3. An action is performed by sending a tuple (x, y, r) to the simulator. (x, y) represents the position while r represents the radius of ball placed. All these values are between 0 and  1. If an action is outside the scene frame or on any object it results in an invalid action.
4. Simulator returns back with the following reward
    * 1  - Solved the task
    * 0  - Invalid action
    * -1  - Did not solve the task
5. After the simulation other than reward you can request intermediate frames of simulation also.
6. Efficiency of the agent is measured by number of actions that are attempted to solve the task during testing phase. Fewer attempts correspond to greater efficiency. A new metric AUCCESS is coined for emphasis on fewer attempts. AUCCESS is defined as follows

$ AUCCESS =  \frac {\sum_k w_k . s_k} {\sum_k w_k}$

$ w_k = log(k + 1) - log(k)  \quad k \in \{1,...100\}$

$ s_k $ is success percentage at k attempts

In Code

https://github.com/facebookresearch/phyre/blob/2c5247944cfbf9730159da9181d1d6a937362dce/src/python/phyre/metrics.py#L329

### Experiments in the paper
The following agents were developed in paper to establish baselines

1. RAND - Random agent which uniformly samples valid actions
2. MEM - Remembers which random action worked during training and uses them during inference
3. MEM-O - Continues to train during testing phase also
4. DQN - Deep Q-Network which trained by minimizing the cross-entropy between the soft prediction and the observed reward. There are so many finer details here.
5. DQN-O - Similar to DQN but continues to learn during testing phase too.

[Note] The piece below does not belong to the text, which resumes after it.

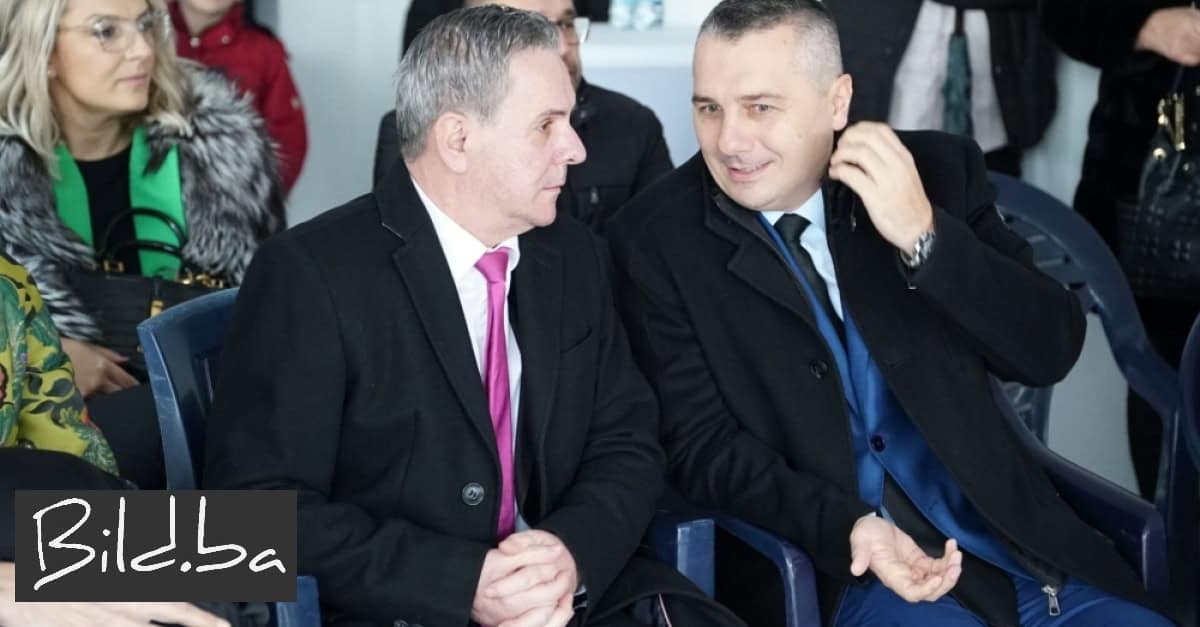 U Čapjini je danas počeo novi život za 42 obitelji kojima su uručeni ključevi novih stanova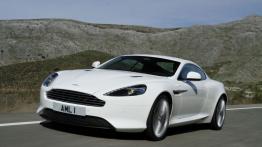Aston Martin Virage Coupe - widok z przodu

![Results](./media/paper_stoa_res.png)
<br>
#### Related Work
1. Forward Prediction for Physical Reasoning - https://arxiv.org/abs/2006.10734
2. Causal World Models by Unsupervised Deconfounding of Physical Dynamics - https://arxiv.org/pdf/2012.14228.pdf

# Problem Summary

Given the initial scene find coordinate $(x_i, y_i)$ to place a ball of radius r in the environment such that by the end of the simulation we reach the goal state. Goal state is defined as the state where dynamic goal subject(2 or blue subject) touches static goal object (4) or dynamic goal object(3). Both 4 and 3 are green objects.

### Challenges in this problem
1. Assuming we have a perfect forward prediction model, it only helps in validating if a hypothesis $(x_i, y_i, r)$. It is doesn't help with coming up with $(x_i, y_i, r)$, so we are left with a large search space. Humans tackle this problem by reasoning with a qualitative physics model, so the challenge is not learning the physics of the environment but reasoning with this information

2. Sparse rewards - Only a handful of actions lead to a reward and they are concentrated around the objects of interest. All the three variables x, y, r are strongly correlated to each other. Many of the actions are invalid too. For example any action which touches borders of scene or any object in the scene are invalid.

![Actions](./media/task_act.png)

3. Uninformative or Vague rewards - Rewards we get back are binary and doesn't give information on how far it is from the goal state. So we need a way to encode the goal into a low-dimensional vector space which allows us to
    1. Provide feedback on how far agent is from the goal qualitatively.
    2. Provides a way to backtrack the actions to adjust the initial action

### Summary
So this problem can be cast as a search problem. I think we need the following
1. A framework to encode goal which gives more informative feedback at the end of simulation. 
2. An efficient way to backtrack from the intermediate frames provided.